As the helicopters thumped, he felt the first pang of panic. The rotor blast posed a serious threat. Twice before he’d been knocked flat by the hospital chopper from Lincoln. It was a peril of weighing 114 pounds.
He braced himself and blew his whistle frantically. They buzzed right over him. The gust from the rotors hit him hard and he staggered to stay upright. His hat went flying off his head, down the road and into the ditch. Shrimp reached into the car for his radio.
“All units, I don’t know what the code is for this, but I’ve got two helicopters speeding on Main Street. Stop them, boys. Stop them right now.”
Then he stomped his boots in the dirt and skidded down the embankment to fetch his hat. The slope was steep and wet from the morning dew. His hat, brand-new all the way from Wahoo, was covered with mud. He wiped it off on his sleeve and started to climb. Halfway up the slope, he saw the convoy of six big satellite trucks thundering toward him. He froze.

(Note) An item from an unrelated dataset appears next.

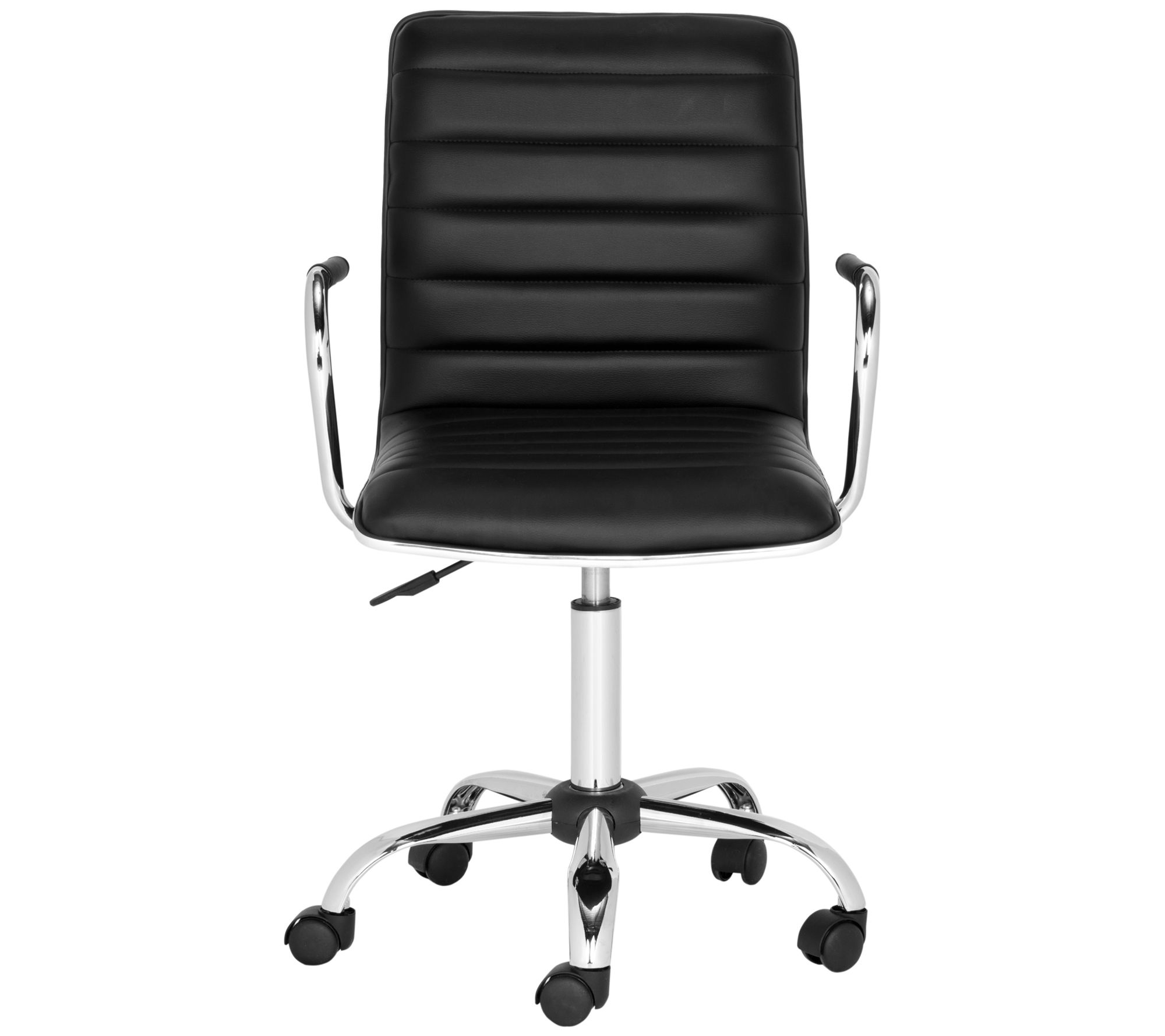 Safavieh Jonika Grey Swivel Desk Chair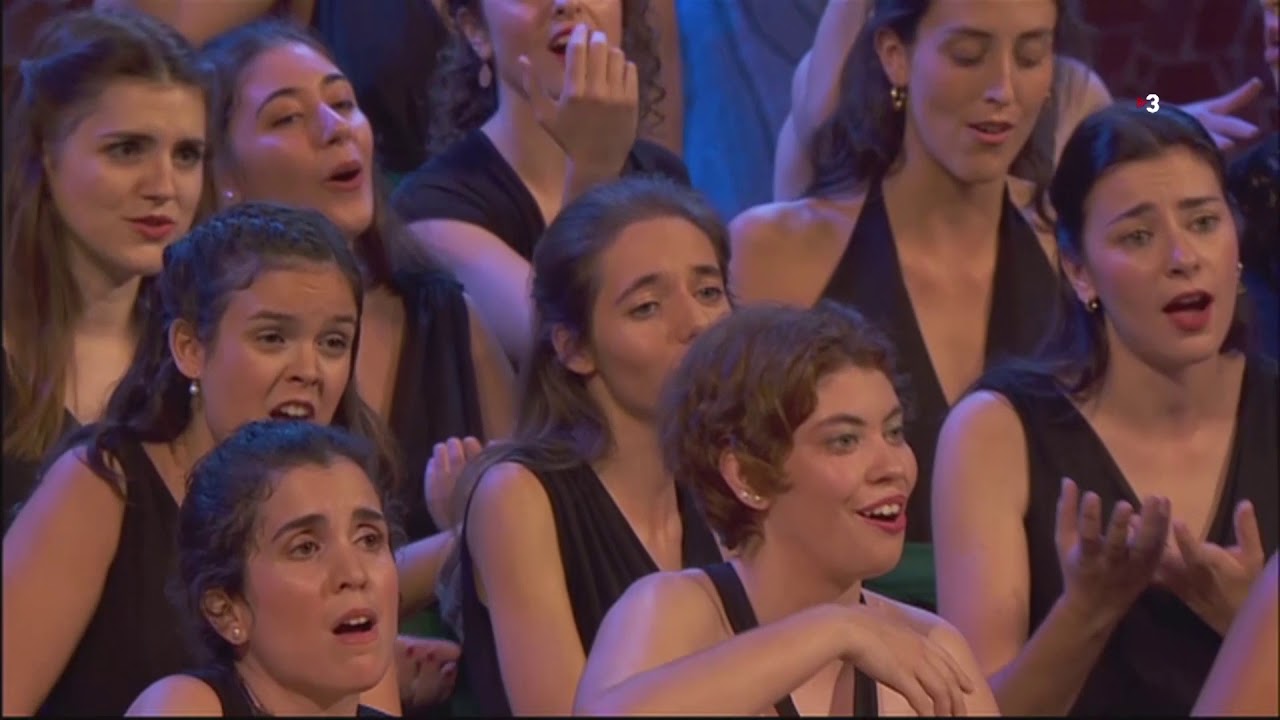 Let The Peoples Sing 2019 | Cor De Noies De L'Orfeo Catala (Catalonia-Spain)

As they roared by, the blast of wind hit him like a twister and he felt himself sailing—arms and legs akimbo—through the air and right back into that muddy ditch.
From his bedroom window, Wally looked down on his field where several hundred reporters and photographers milled around waiting for the official kickoff of the world record attempt. The Bargen sisters from down the road were selling lemonade and cookies to the strangers. Darting through the mob, young Blake was raking in coins with his very own “Official 747 Program,” created and photocopied at the public library.